Items from a data source
......
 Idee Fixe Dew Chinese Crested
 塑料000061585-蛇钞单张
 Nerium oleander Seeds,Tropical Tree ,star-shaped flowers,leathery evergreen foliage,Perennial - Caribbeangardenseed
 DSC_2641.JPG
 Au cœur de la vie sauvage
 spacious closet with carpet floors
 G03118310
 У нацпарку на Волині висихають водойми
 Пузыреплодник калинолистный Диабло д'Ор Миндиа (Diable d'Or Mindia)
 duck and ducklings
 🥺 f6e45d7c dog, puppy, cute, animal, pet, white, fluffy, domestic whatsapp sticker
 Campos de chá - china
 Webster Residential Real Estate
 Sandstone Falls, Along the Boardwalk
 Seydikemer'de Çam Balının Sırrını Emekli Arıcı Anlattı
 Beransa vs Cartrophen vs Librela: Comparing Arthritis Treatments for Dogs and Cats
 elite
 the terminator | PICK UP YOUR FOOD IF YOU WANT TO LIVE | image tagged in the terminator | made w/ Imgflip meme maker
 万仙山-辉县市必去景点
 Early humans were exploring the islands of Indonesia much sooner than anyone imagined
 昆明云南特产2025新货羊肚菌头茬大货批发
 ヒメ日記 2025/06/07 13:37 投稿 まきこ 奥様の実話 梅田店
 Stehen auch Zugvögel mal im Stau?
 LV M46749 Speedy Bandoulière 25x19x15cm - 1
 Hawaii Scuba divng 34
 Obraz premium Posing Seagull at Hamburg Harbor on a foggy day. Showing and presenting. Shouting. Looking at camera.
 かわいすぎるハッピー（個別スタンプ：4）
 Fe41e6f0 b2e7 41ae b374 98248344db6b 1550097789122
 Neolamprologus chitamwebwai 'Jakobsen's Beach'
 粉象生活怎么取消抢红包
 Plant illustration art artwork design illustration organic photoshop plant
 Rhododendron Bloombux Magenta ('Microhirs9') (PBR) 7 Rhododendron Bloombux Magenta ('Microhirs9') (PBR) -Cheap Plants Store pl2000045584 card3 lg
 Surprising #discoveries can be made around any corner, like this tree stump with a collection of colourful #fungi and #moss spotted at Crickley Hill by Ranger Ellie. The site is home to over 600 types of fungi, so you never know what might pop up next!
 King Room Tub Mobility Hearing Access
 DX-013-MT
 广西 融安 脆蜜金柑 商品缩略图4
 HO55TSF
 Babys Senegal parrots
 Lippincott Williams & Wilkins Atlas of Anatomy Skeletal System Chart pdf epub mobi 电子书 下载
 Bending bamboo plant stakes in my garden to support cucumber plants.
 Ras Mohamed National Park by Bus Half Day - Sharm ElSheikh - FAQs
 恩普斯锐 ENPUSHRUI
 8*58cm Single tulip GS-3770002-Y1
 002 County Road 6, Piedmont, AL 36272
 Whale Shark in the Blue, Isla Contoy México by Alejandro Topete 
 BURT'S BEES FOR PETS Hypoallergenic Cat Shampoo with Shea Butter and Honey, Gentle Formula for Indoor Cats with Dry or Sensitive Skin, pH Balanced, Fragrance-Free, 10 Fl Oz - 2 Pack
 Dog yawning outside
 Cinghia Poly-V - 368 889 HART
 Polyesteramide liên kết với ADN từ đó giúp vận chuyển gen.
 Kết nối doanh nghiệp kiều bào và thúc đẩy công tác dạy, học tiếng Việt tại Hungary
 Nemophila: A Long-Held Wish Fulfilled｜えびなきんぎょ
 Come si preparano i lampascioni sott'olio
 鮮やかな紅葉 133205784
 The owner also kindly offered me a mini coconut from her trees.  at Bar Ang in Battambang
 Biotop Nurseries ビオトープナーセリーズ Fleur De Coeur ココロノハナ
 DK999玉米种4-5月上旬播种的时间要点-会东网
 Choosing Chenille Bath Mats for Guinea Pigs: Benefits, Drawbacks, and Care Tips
......
Brief >>
Each line of the records above, from the first through the one containing "万仙山-辉县市必去景点", is to be retyped exactly; no other line belongs.

Answer section >>
 Idee Fixe Dew Chinese Crested
 塑料000061585-蛇钞单张
 Nerium oleander Seeds,Tropical Tree ,star-shaped flowers,leathery evergreen foliage,Perennial - Caribbeangardenseed
 DSC_2641.JPG
 Au cœur de la vie sauvage
 spacious closet with carpet floors
 G03118310
 У нацпарку на Волині висихають водойми
 Пузыреплодник калинолистный Диабло д'Ор Миндиа (Diable d'Or Mindia)
 duck and ducklings
 🥺 f6e45d7c dog, puppy, cute, animal, pet, white, fluffy, domestic whatsapp sticker
 Campos de chá - china
 Webster Residential Real Estate
 Sandstone Falls, Along the Boardwalk
 Seydikemer'de Çam Balının Sırrını Emekli Arıcı Anlattı
 Beransa vs Cartrophen vs Librela: Comparing Arthritis Treatments for Dogs and Cats
 elite
 the terminator | PICK UP YOUR FOOD IF YOU WANT TO LIVE | image tagged in the terminator | made w/ Imgflip meme maker
 万仙山-辉县市必去景点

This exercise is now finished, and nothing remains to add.